15 僕は婚約者を説得出来る?
二人が出ていった教室の中ではクラスメイト達がざわつき出していた。
「えっ⁉︎ こ、これってどういう事?」
「いや、私に聞かれても……何がなんだか……」
「な、何で藤村さん怒って教室出て行ったんだ⁉︎」
「それも謎だが、その後何故時任は藤村さんを追いかけるようにして教室を出て行ったんだ⁉︎」
クラスメイト達はそれぞれに顔を突き合わせて首を傾げている。
そんな中、何となく事情を察している坂口健は(うむ…………まずい事を言ちまったかも?)若干の後悔を覚え。

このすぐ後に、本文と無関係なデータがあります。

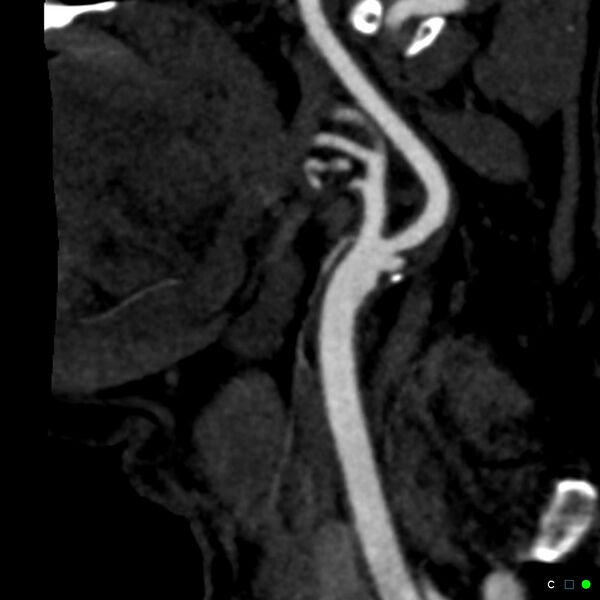 File:Non-occlusive intraluminal internal carotid artery thrombus (Radiopaedia 37751-39658 C 59).jpg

事情の全てを知っている立花茜は(俊一君、頑張って!……でも)一抹の寂しさを感じていた。
「藤村さん!」
逃げるようにして走り去って行く藤咲さんに声をかけながら追いかける。
「…………」
「藤村さんてばっ!」
「…………」
「ね、ねえ! き、聞こえてるんでしょ!む、無視しないでよ!」
そう言って息を切らしながら校門を過ぎてしばらくの所で、ようやく追いついた僕は何とか藤咲さんの前に回りこんだ。
「……ま」
藤咲さんの小さい声に思わず聞き返す。
「な、何?」
「邪魔って言ってるのよ‼ 馬鹿‼︎︎」
「なっ⁉︎ ……そ、そこまでして怒る事ないだろ‼︎だ、大体、何に対して怒ってるのか分からないし………」
「う、うるさいうるさいうるさーい‼︎⁉︎うぅ〜……っ……」
いきなり激しく声を荒げたと思ったら、急に藤咲さんは泣きだしたのだった。通学路で……。
「えっ⁉ ……はっ⁉︎ な、何で⁉︎」
いきなりの事に僕の頭はパニックになってしまう。
「ちょっ⁉︎ ふ、藤咲さん? な、な、何で泣いてるの?」
「う、自惚れないでよ馬鹿‼︎ べ、別に泣いてなんてないわよ‼︎」
藤咲さんは大声でそう叫んだ。
僕はオロオロしながら周りを見渡した。なぜなら、買い物帰りの主婦達や学生達が周りにいたからだった。
「いやね〜、最近の若い子達って……」
「本当よ〜。こんな道端で……一体何考えてるのかしら?」
「おい、見てみろよ! 面白いもんやってるぜ」
「何々……うおっ! ひゃ〜こんな所で喧嘩なんて……しかし、あんないい女泣かせるなんてあの男……相当のクズだな‼︎」
「ねえねえ! ちょっと見てみ〜。マジウケるんですけど! こんな所で修羅ばってるし〜」
「えっ……ぷはっ⁉︎ 何アレ⁉︎ ……しかも、男のあたふたぶりが笑えるし〜……情けな!」
うっ……何でこんな事に……。
「ふ、藤咲さん?」
「な、何よ! ……うぅ……」
「いっ⁉︎」
泣きながら僕を睨んでくる藤咲さん。
その時だった。
突然僕の携帯の着信音が鳴り響いた。
(こ、こんな時に誰だよ!)
少しイラつきながら着信画面を確認する。……香川さんだった。その画面を確認にした僕は一瞬にして熱していた気持ちが冷めていった。
……うっ……。
僕は辺りをキョロキョロと見渡す。そんな僕の焦りとは関係なしに電話は催促するかのように鳴り続けている。脳裏にこのまま切るかという選択肢も生まれたのだが、後が怖すぎると思いそれもできない。